There are other more advanced features of communicators that we do not cover here, such as the differences between inter-communicators and intra-communicators and other advanced communicator creation functions. These are only used in very specific kinds of applications which may be covered in a future tutorial.
Overview of groups
While MPI_Comm_split
is the simplest way to create a new communicator, it isn’t the only way to do so. There are more flexible ways to create communicators, but they use a new kind of MPI object, MPI_Group
. Before going into lots of detail about groups, let’s look a little more at what a communicator actually is. Internally, MPI has to keep up with (among other things) two major parts of a communicator, the context (or ID) that differentiates one communicator from another and the group of processes contained by the communicator. The context is what prevents an operation on one communicator from matching with a similar operation on another communicator. MPI keeps an ID for each communicator internally to prevent the mixups. The group is a little simpler to understand since it is just the set of all processes in the communicator. For MPI_COMM_WORLD
, this is all of the processes that were started by mpiexec
. For other communicators, the group will be different. In the example code above, the group is all of the processes which passed in the same color
to MPI_Comm_split
.
MPI uses these groups in the same way that set theory generally works. You don’t have to be familiar with all of set theory to understand things, but it’s helpful to know what two operations mean. Here, instead of referring to “sets”, we’ll use the term “groups” as it applies to MPI. First, the union operation creates a new, (potentially) bigger set from two other sets. The new set includes all of the members of the first two sets (without duplicates). Second, the intersection operation creates a new, (potentially) smaller set from two other sets. The new set includes all of the members that are present in both of the original sets. You can see examples of both of these operations graphically below.

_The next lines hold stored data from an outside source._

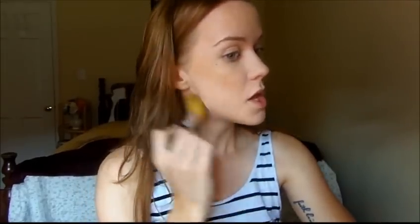Especially because I'm so light, I kind of have to fake it. I'm working the bronzer down, across my temple, and on the side of my nose a little bit. Then I'm taking my little powder brush to blend that out just a teeny bit so it doesn't look streaky or orange and crazy.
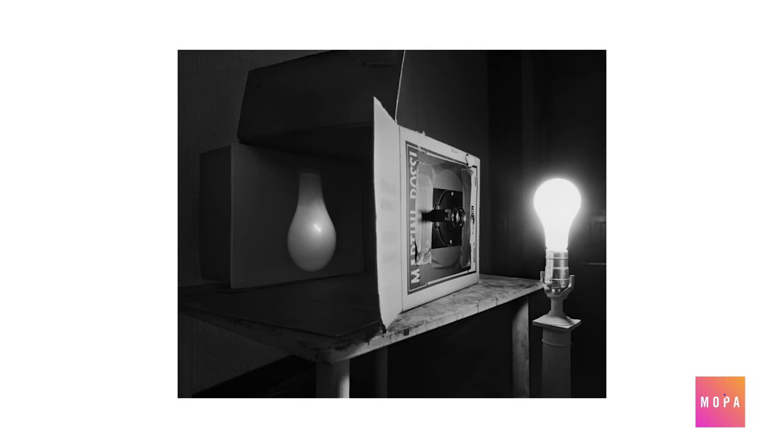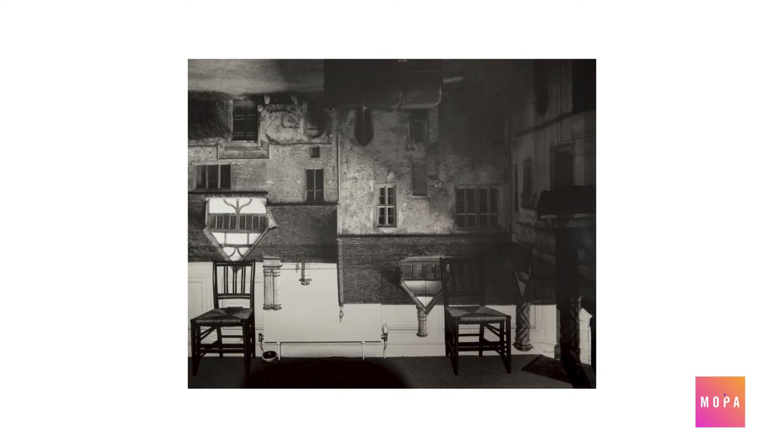Perhaps no other photographer engages with the idea of the camera obscura in quite the same way as Cuban-born artist Abelardo Morel. Originally drawn to urban landscapes, he later turned to a deep interest in optics and light. Morel began to convert interior rooms into one large camera obscura, covering the windows and strategically placing a small pinhole to focus the scene on the interior walls. He used a modern camera inside to photograph the scene.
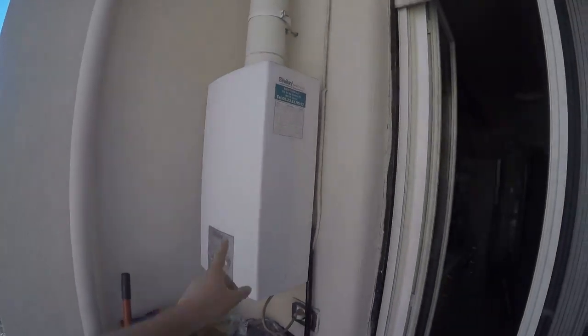Very nice bedroom, this one. Here we have the kitchen. Very luminous — all the kitchen is brand new, as you can see. Also the fridge.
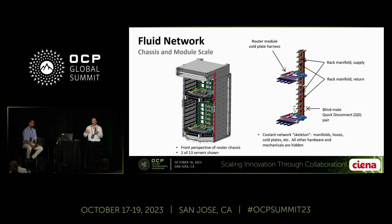Zooming in now to the Siena equipment — this is our coherent router. I'm showing a chassis on the left. Two of these chassis can fit into one rack, providing 128 terabits per second of packet switching. I'm showing two router modules of 13 possible modules that can insert into the rack. From the user's perspective, the modules plug in and extract normally — the user doesn't need to think about anything. But what's happening at the rear of the module is that we're simultaneously making an electrical connection and a fluid connection. The fluid connection is done through a pair of blind-mate quick disconnects, which are floating to accommodate mechanical tolerances.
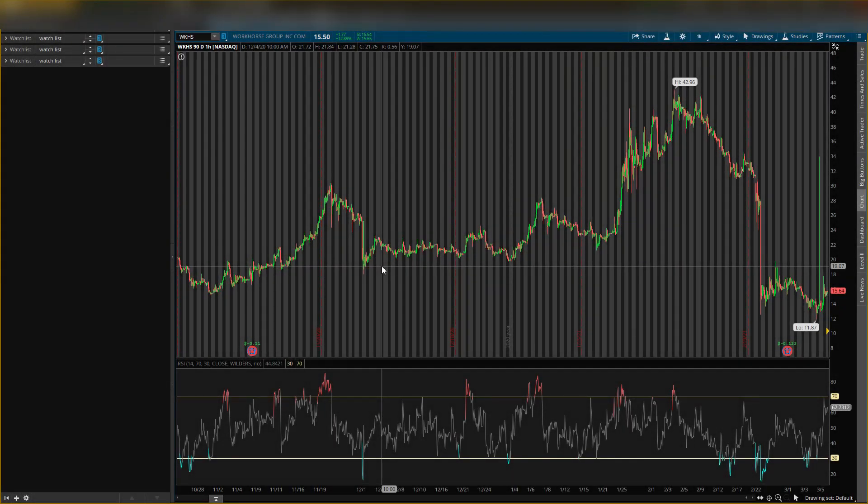What's up guys, back with another video. Today I will be talking about Workhorse, stock ticker symbol WKHS. I'll give you guys some key analyst predictions as well as some key levels.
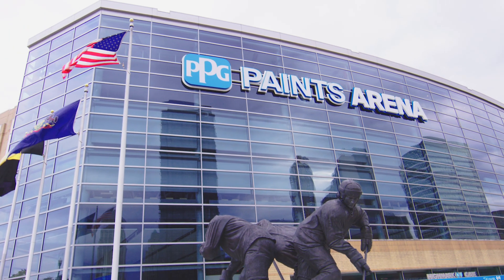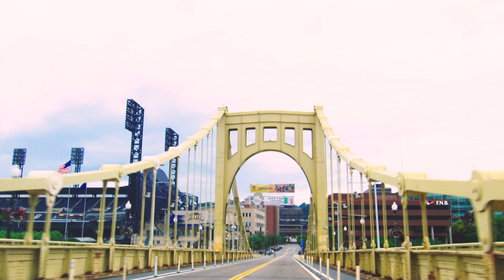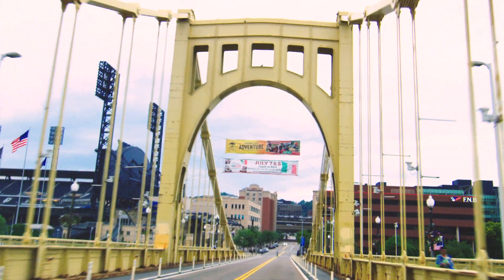PPG Paints Arena, where the Pittsburgh Penguins play. Heinz Field, PNC Park behind us — all those sites utilize PPG paints.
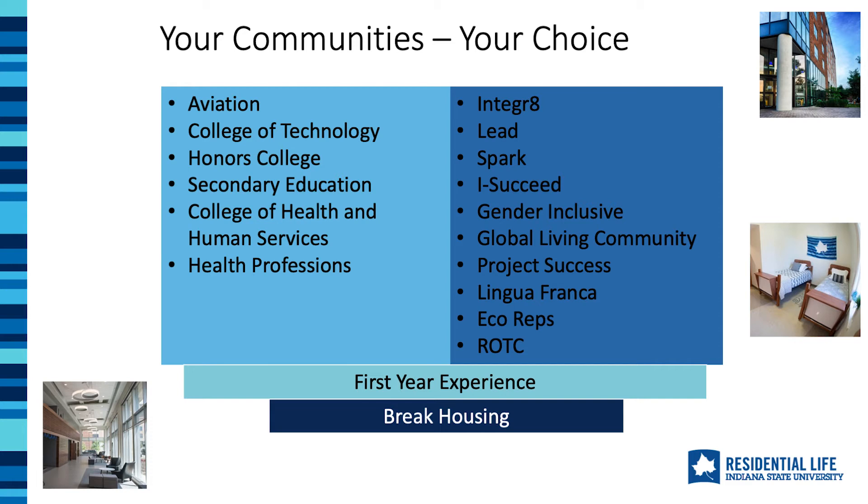In our interest-based communities, your student can be in any major, so they will meet people studying a lot of different things, but they all will be there because of the common interest they have. And if none of our living learning communities sound like a good fit, we also have our first-year experience communities. We've also got break housing as an option for students who know now that they will need to stay on campus during periods where the university is closed. In the end, we've got a place that will be just right.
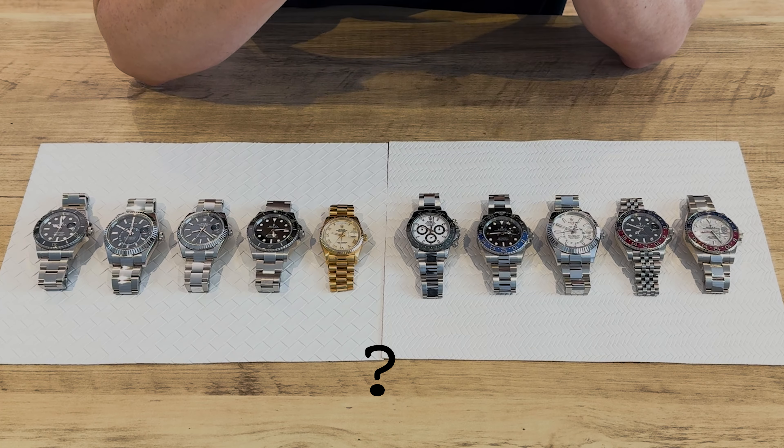I get asked quite often which Rolex should I buy, and to be honest it's a very difficult question because your love and taste in Rolex and watches in general is very subjective. But in this video I'm going to go over five key areas to help you decide which Rolex you should buy.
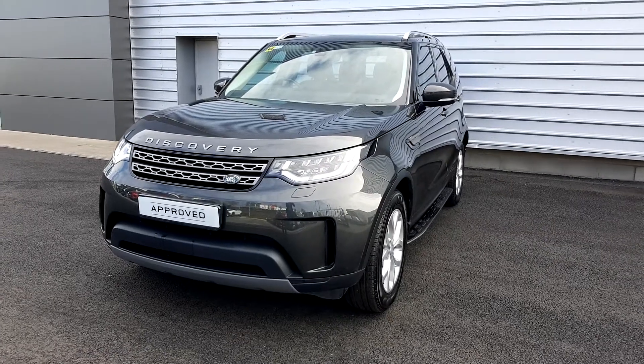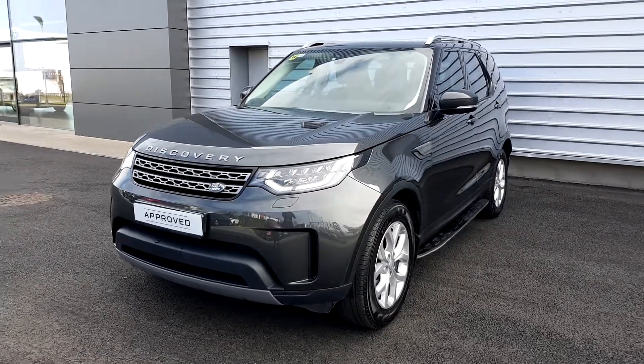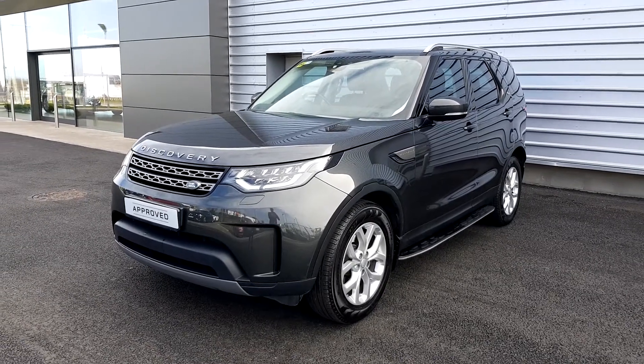Hello and welcome to Jodhavi Land Rover. Today we have the Land Rover Discovery 2017 SE 5-seater in Carpathian Grey Metallic.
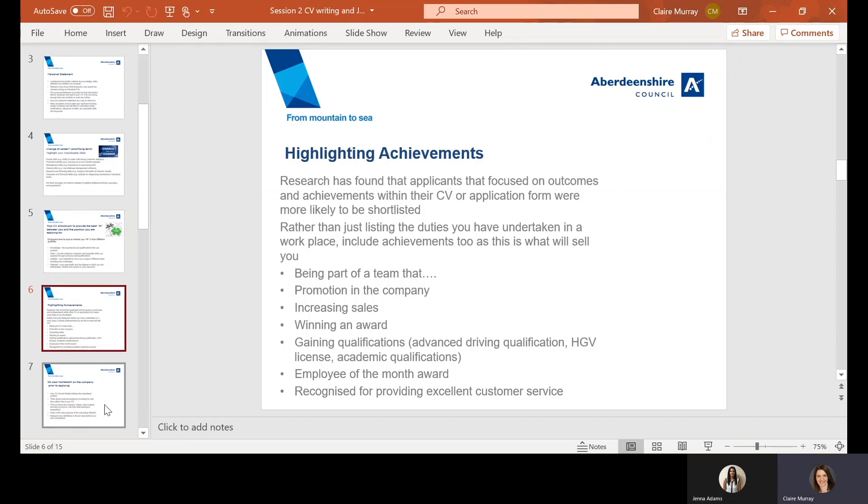When looking at highlighting achievements on your CV, research has shown that highlighting achievements is a really important factor to include. Many people tend to state their previous roles and responsibilities, but fail to add what they have actually achieved and contributed within that role. You can really use your achievements to stand out — include information about any awards you or your team gained, any promotions, recognition for your contributions, perhaps through a sales increase or something else.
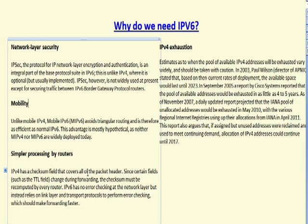That's one of the security features you get with IPv6. You also get enhanced efficiency with routers. IPv4 has a checksum field that covers all of the packet headers, and since certain fields such as the TTL field change during forwarding, the checksum must be recomputed by every router. IPv6 has no error checking at the network layer, but instead relies on link layer and transport protocols to perform error checking. This should make forwarding a lot faster.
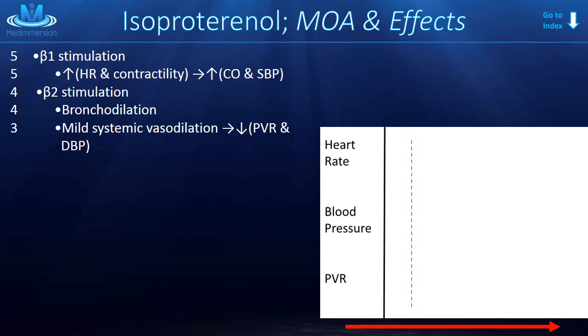What else does the beta-2 stimulation do? Beta-2 receptors, when stimulated throughout the body, cause dilation in vasculature such as in skeletal muscle — things that need more blood during a fight-or-flight response. This vasodilation causes a decrease in peripheral vascular resistance, and thus there is a decrease in diastolic blood pressure.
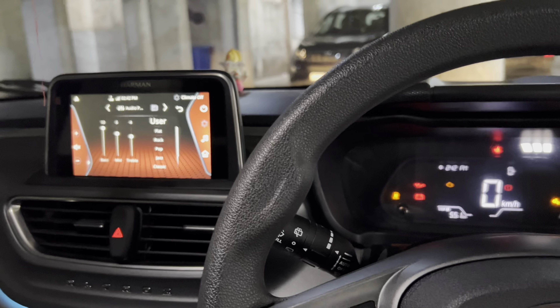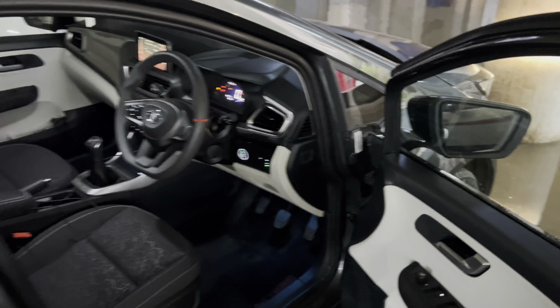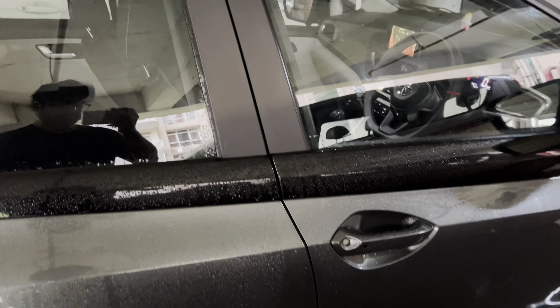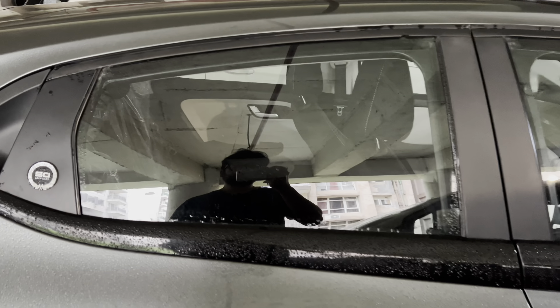Coming back to the video — today we will make an audio output video of the Tata Ultrasize CNG XZ model, where I will tell you how its audio output is. It comes with a six-way speaker system — that is four speakers and two tweeters — with Harman audio, Apple CarPlay and Android Auto. So let's begin.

In the first example, the union of the two groups {0, 1, 2, 3}
and {2, 3, 4, 5}
is {0, 1, 2, 3, 4, 5}
because each of those items appears in each group. In the second example, the intersection of the two groups {0, 1, 2, 3}
, and {2, 3, 4, 5}
is {2, 3}
because only those items appear in each group.
Using MPI groups
Now that we understand the fundamentals of how groups work, let’s see how they can be applied to MPI operations. In MPI, it’s easy to get the group of processes in a communicator with the API call, MPI_Comm_group
.
MPI_Comm_group(
MPI_Comm comm,
MPI_Group* group)
As mentioned above, a communicator contains a context, or ID, and a group. Calling MPI_Comm_group
gets a reference to that group object. The group object works the same way as a communicator object except that you can’t use it to communicate with other ranks (because it doesn’t have that context attached). You can still get the rank and size for the group (MPI_Group_rank
and MPI_Group_size
, respectively). However, what you can do with groups that you can’t do with communicators is use it to construct new groups locally. It’s important to remember here the difference between a local operation and a remote one. A remote operation involves communication with other ranks where a local operation does not. Creating a new communicator is a remote operation because all processes need to decide on the same context and group, where creating a group is local because it isn’t used for communication and therefore doesn’t need to have the same context for each process. You can manipulate a group all you like without performing any communication at all.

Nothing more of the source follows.